Always quick to denounce the political instrumentalization of its opponents, the left did not hesitate to react to the death of Nahel, a 17-year-old teenager killed on Tuesday by a police officer after refusing to comply in Nanterre, near Paris. La France insoumise was quick to question the police. “This uncontrolled police force discredits the authority of the state. It must be completely overhauled,” Jean-Luc Mélenchon tweeted on Tuesday. “The death penalty no longer exists in France,” added the former leader of La France insoumise. “No policeman has the right to kill except in self-defense. If it was a refusal to comply by polluters or tax emigrants, we wouldn’t ask the question,” he added.
Several NUPES deputies also denounced a return to the “death penalty” after the police officer shot the teenager. “A refusal to comply cannot be a death sentence. For no one. Never,” EELV MP Sandrine Rousseau wrote on Twitter.

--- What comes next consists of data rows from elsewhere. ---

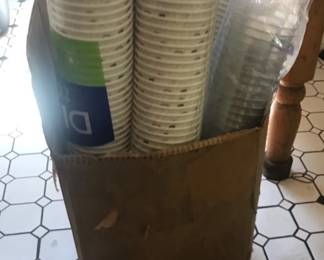 TTT372 - Disposable Paper & Plastic Cups 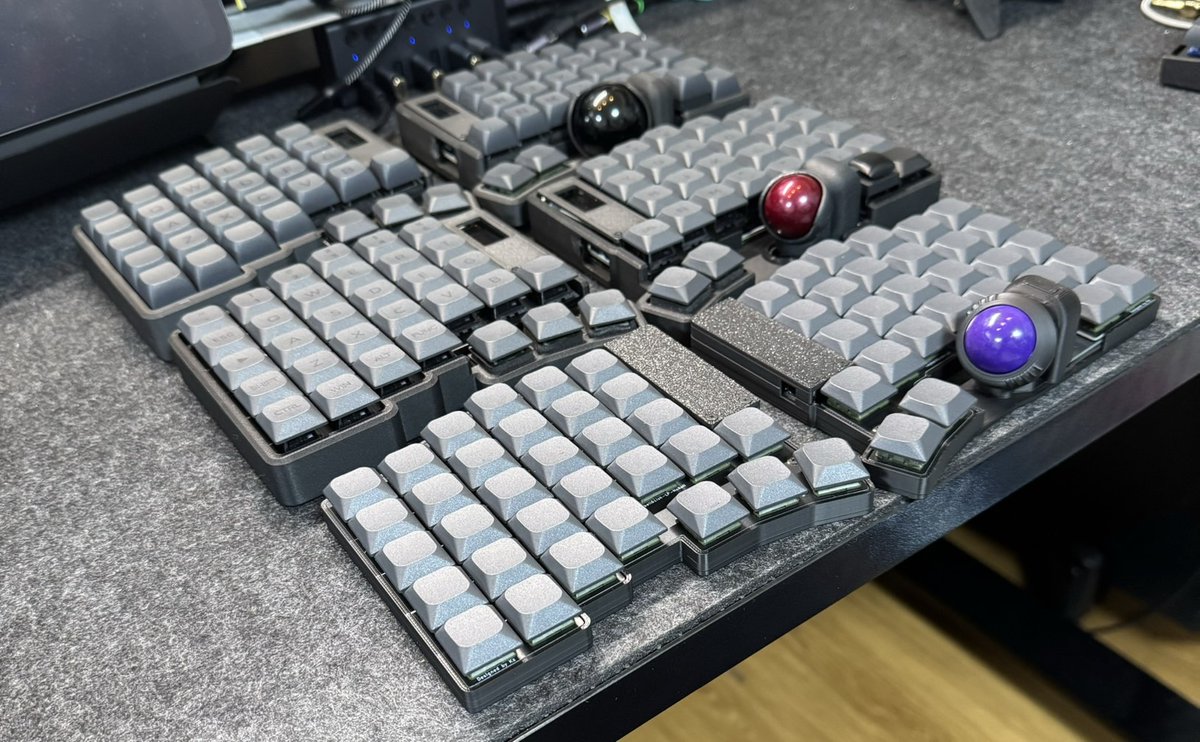 lazuogozen's tweet photo. Kzさま(@kazu_dob)デザインのkeyball61ishが届いたので、細かい設定は後回しにしてお迎えの記念撮影！！

61だから分かるこの薄さ！
61だから分かるこの軽さ！！
収納ケースに入れても、本家61とほとんどサイズが変わらないコンパクトさ！！

本当にありがとうございます。
#Keyballish https://t.co/bYz027AdUo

“Refusal to comply does not give a license to kill”, for his part tweeted the first secretary of the PS Olivier Faure, while the president of the LFI group in the National Assembly, Mathilde Panot, accuses the “Cazeneuve law” of having “created a license to kill”. This law of February 28, 2017, carried by the former Minister of the Interior and Prime Minister Bernard Cazeneuve, allows the police to shoot in the event of refusal to comply and self-defense.

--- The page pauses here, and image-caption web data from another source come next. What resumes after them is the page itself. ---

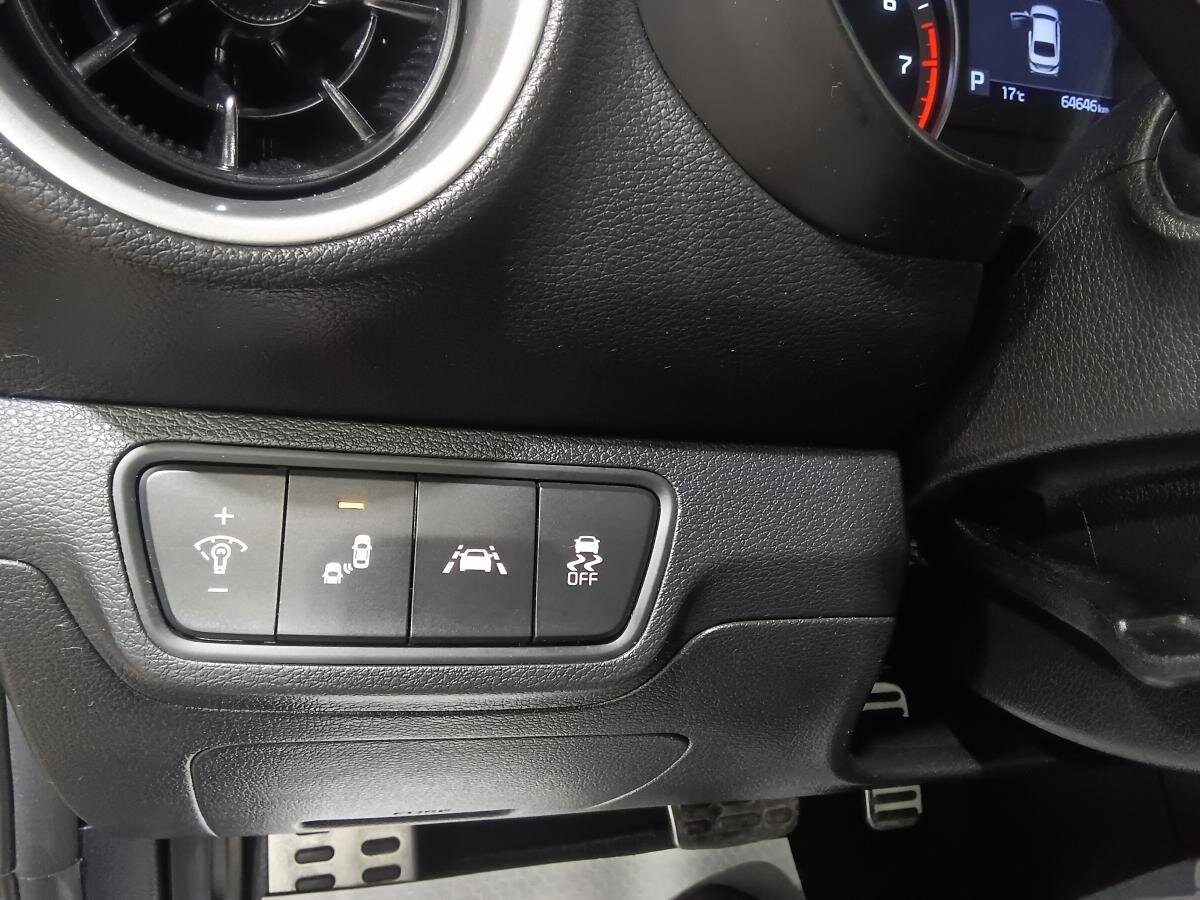 2021 Kia Forte - Image 30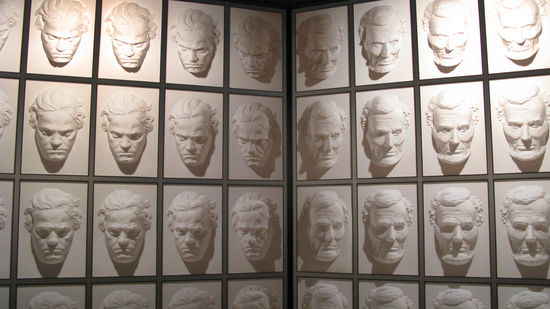 Diese Gesichter verfolgten einem auf Schritt und Tritt. Eine verblueffende Illusion!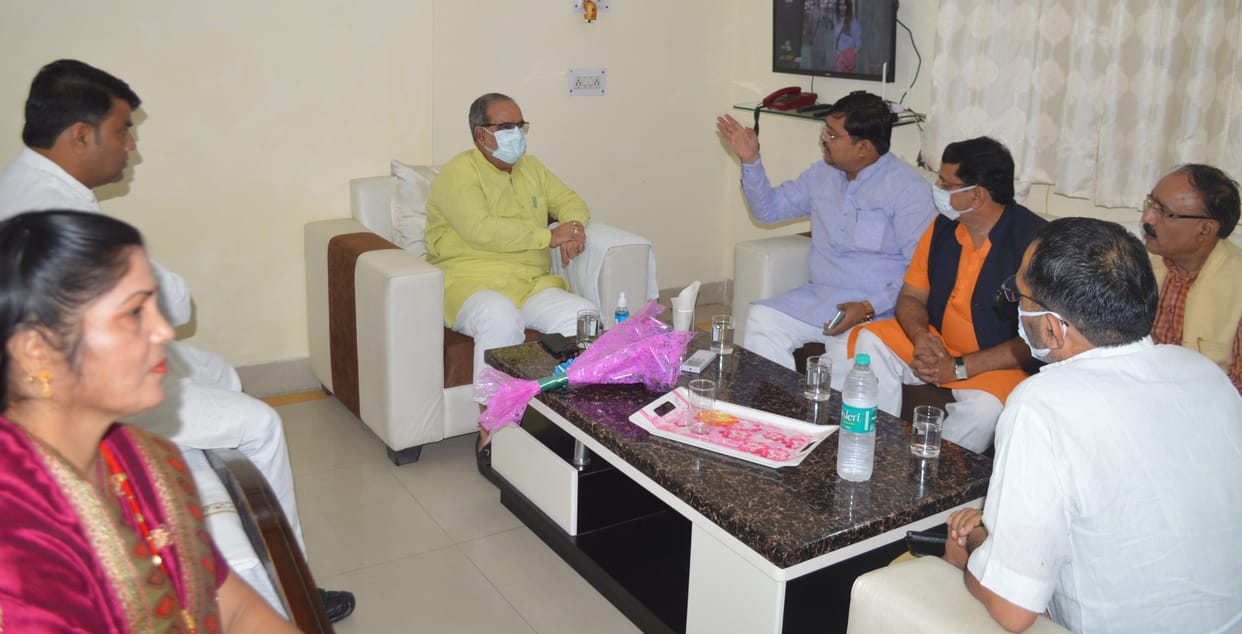 Hathras: Minister in charge inspected the Gaushala and the training center under construction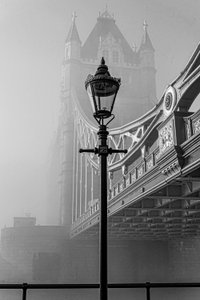 A Tower Bridge enevoada de Chris Hamilton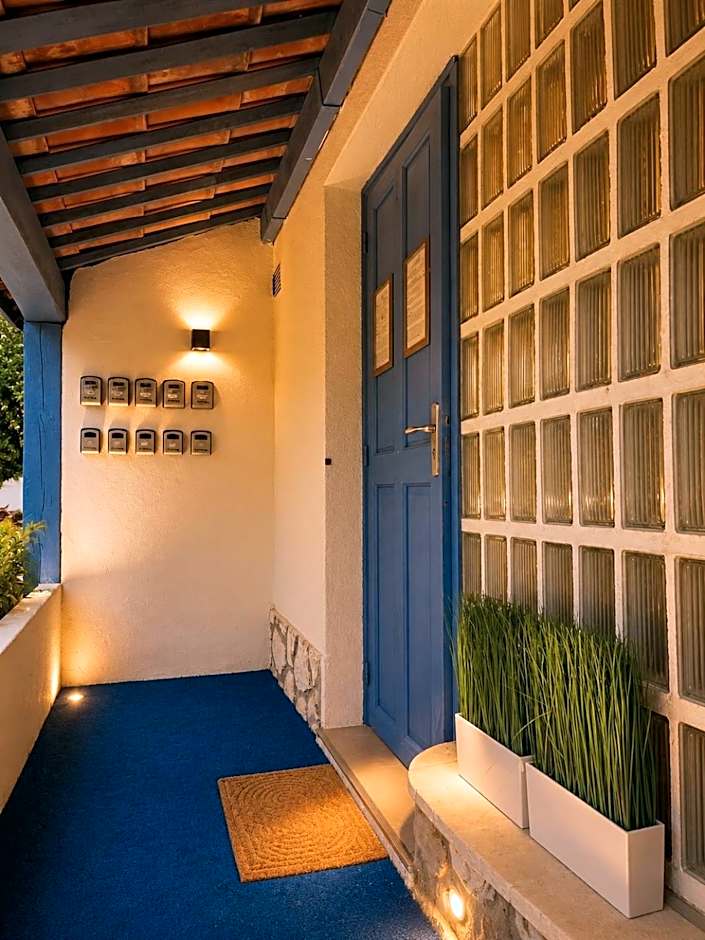 Hotel Cayrons Vence & St Paul de Vence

“The parliamentary group of La France Insoumise-Nupes is tabling a bill to repeal the version of article 435-1 from” the Cazeneuve law, Mathilde Panot announced on Thursday, after Jean-Luc Mélenchon himself declared that “former Prime Minister Bernard Cazeneuve’s ‘license to kill’ law must be repealed”.
As violence erupted in some working-class neighborhoods in response to Nahel’s death, the former leader of La France insoumise added fuel to the fire on Thursday. “The guard dogs are ordering us to call for calm. We call for justice,” he tweeted, before calling to “suspend the murderous cop and his accomplice who ordered him to shoot.”
“Calm cannot be decreed, it is built,” responded EELV national secretary Marine Tondelier. “Without justice and without truth, there will be no peace. It’s not a threat, it’s the facts,” she tried to explain.
Insoumis MP Carlos Martens Bilongo was attacked on Wednesday evening when he came “in support” of the inhabitants of Nanterre. In a video posted on social media, one of them hits him on the head, while another threatens to “start him off”.
This Thursday, Éric Coquerel, who last October denounced the “indecent political recovery” after the murder of Lola, calls for a number of “political and non-repressive responses” after Nahel’s death. “Justice for Nahel and all young people killed by the police, repeal of the right to use a weapon when refusing to comply, recognition of police violence suffered by neighborhoods, police overhaul and anti-discrimination emergency plan “, he claimed on Twitter.
The ex-communist candidate for the presidency affirms for his part that a “refusal to comply must not lead to death”. “The investigation now open must establish the conditions for the use of the police officer’s weapon. Justice must be done,” he added. Fabien Roussel finally called for “calm and peaceful mobilization so that truth and justice are done”. Like all Nupes parties, he finally took part in the white march for Nahel this Thursday.